Multi-Head Attention

One attention pattern is useful. Many attention patterns in parallel are much more powerful.

A sentence contains many kinds of relationships at once. An adjective may modify a noun. A pronoun may refer to something earlier. A closing bracket may match an opening bracket. A verb may depend on the subject.

One attention head can learn one way of routing information. But one routing pattern is not enough. Multi-head attention runs several attention heads in parallel. Each head has its own learned projections, so each head can learn a different kind of relationship.

After the heads produce their outputs, those outputs are combined and projected back into the model dimension.

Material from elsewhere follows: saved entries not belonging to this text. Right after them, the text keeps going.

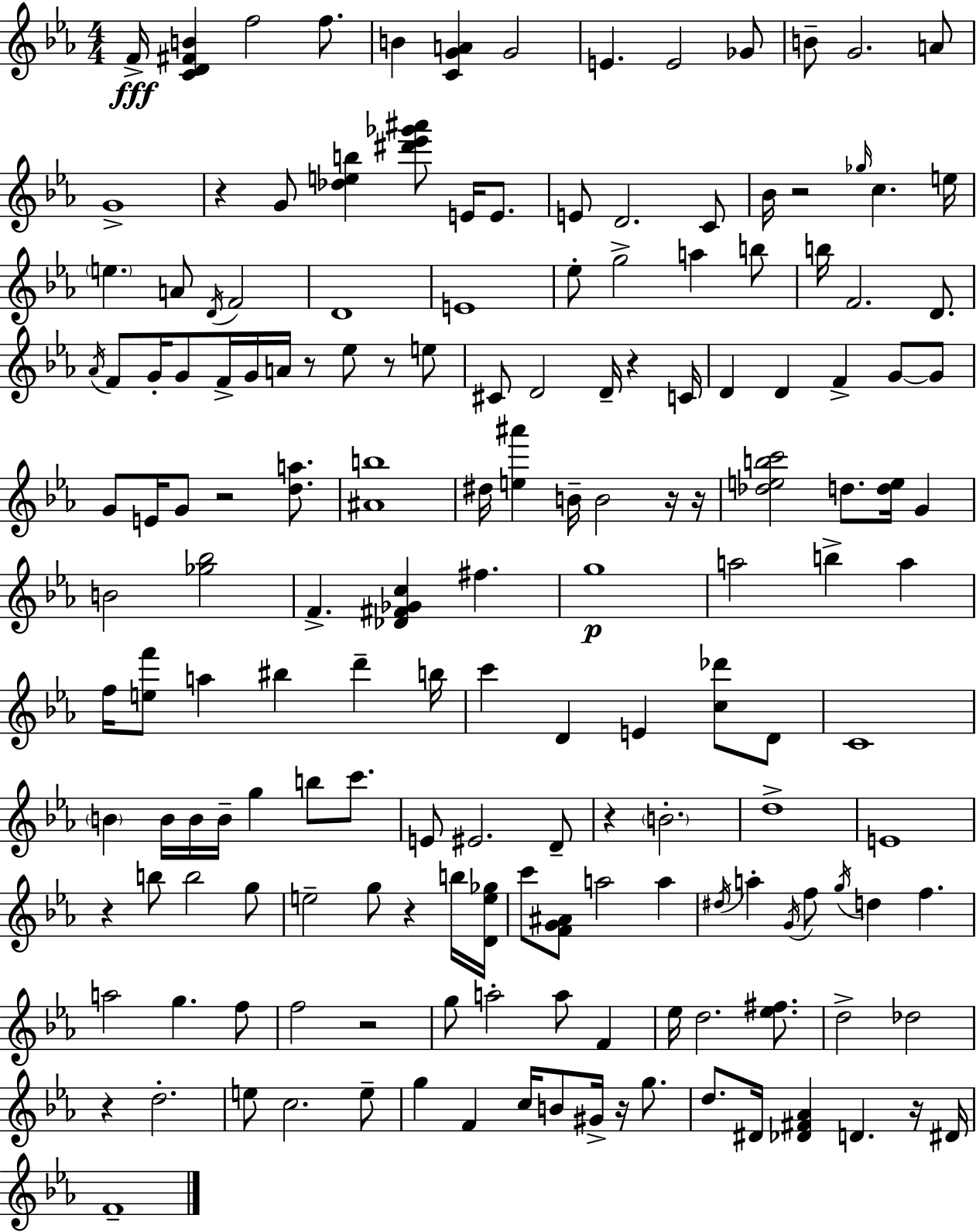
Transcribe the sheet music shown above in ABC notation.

X:1
T:Untitled
M:4/4
L:1/4
K:Cm
F/4 [CD^FB] f2 f/2 B [CGA] G2 E E2 _G/2 B/2 G2 A/2 G4 z G/2 [_deb] [^d'_e'_g'^a']/2 E/4 E/2 E/2 D2 C/2 _B/4 z2 _g/4 c e/4 e A/2 D/4 F2 D4 E4 _e/2 g2 a b/2 b/4 F2 D/2 _A/4 F/2 G/4 G/2 F/4 G/4 A/4 z/2 _e/2 z/2 e/2 ^C/2 D2 D/4 z C/4 D D F G/2 G/2 G/2 E/4 G/2 z2 [da]/2 [^Ab]4 ^d/4 [e^a'] B/4 B2 z/4 z/4 [_debc']2 d/2 [de]/4 G B2 [_g_b]2 F [_D^F_Gc] ^f g4 a2 b a f/4 [ef']/2 a ^b d' b/4 c' D E [c_d']/2 D/2 C4 B B/4 B/4 B/4 g b/2 c'/2 E/2 ^E2 D/2 z B2 d4 E4 z b/2 b2 g/2 e2 g/2 z b/4 [De_g]/4 c'/2 [FG^A]/2 a2 a ^d/4 a G/4 f/2 g/4 d f a2 g f/2 f2 z2 g/2 a2 a/2 F _e/4 d2 [_e^f]/2 d2 _d2 z d2 e/2 c2 e/2 g F c/4 B/2 ^G/4 z/4 g/2 d/2 ^D/4 [_D^F_A] D z/4 ^D/4 F4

This does not mean every head has a clean human-readable job. Attention weights are useful clues, not perfect explanations.

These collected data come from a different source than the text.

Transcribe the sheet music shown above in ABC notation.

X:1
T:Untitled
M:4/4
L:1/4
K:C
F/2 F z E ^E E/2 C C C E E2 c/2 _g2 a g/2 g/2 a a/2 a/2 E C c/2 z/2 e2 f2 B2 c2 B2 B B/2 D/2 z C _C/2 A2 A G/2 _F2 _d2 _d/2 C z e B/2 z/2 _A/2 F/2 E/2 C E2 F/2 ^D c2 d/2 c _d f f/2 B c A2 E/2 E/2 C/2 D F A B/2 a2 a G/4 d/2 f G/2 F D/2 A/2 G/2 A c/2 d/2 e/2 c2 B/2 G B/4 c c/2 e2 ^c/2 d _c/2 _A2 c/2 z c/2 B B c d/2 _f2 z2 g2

Modern models often use grouped-query attention. Groups of query heads share key/value heads, reducing memory use during inference, especially in the KV cache, while keeping much of the benefit of many query heads.

Raw scores -> softmax weights -> value mixing

We also introduce multi-head attention here. In modern Transformer models each block doesn't just have a single attention head, but multiple. Different heads can learn different routing patterns, then their outputs are combined.

Each token creates three learned views of itself:

Q - the question this token asks.

K - what this token advertises about itself.

V - the information this token contributes.

For one selected query token, we compare its Q vector with every K vector.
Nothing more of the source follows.